▶ [About this task]:
Output all the records word for word. Drop the pictures.

[Extracted data entries]
_ _ _ _ _ _ _

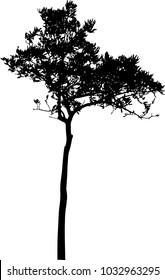 isolated tree on white background
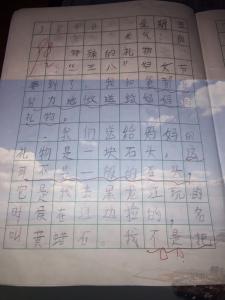 特殊的礼物作文550字 以特殊的礼物为题的作文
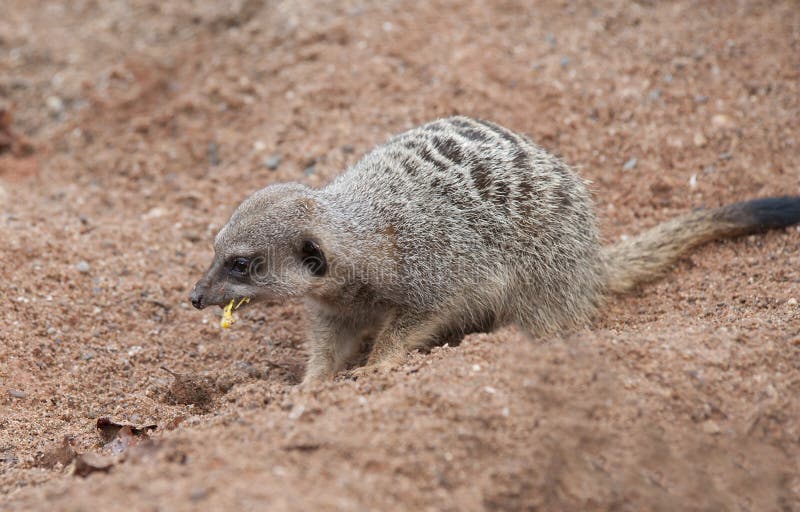 Meerkat Eating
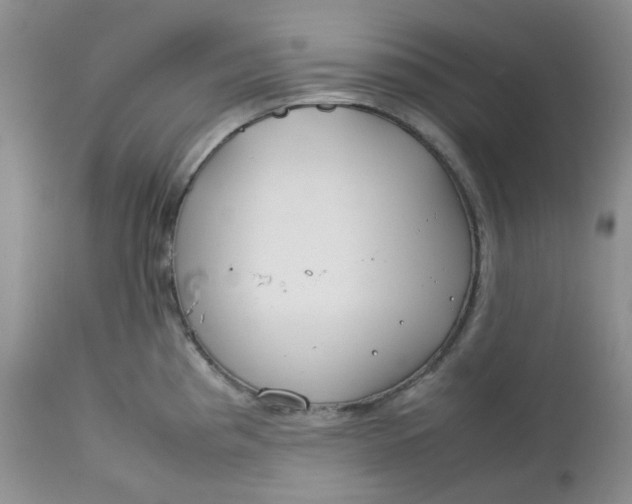 X0000112751193200909101533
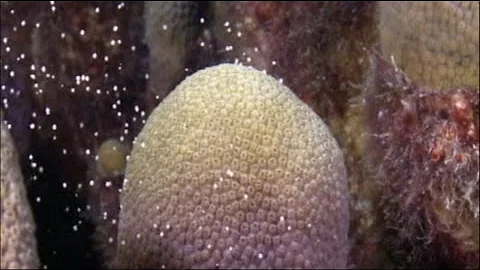 Come si mettono i coralli nell'acquario?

_ _ _ _ _ _ _

▶ [Task output]:
 isolated tree on white background
 特殊的礼物作文550字 以特殊的礼物为题的作文
 Meerkat Eating
 X0000112751193200909101533
 Come si mettono i coralli nell'acquario?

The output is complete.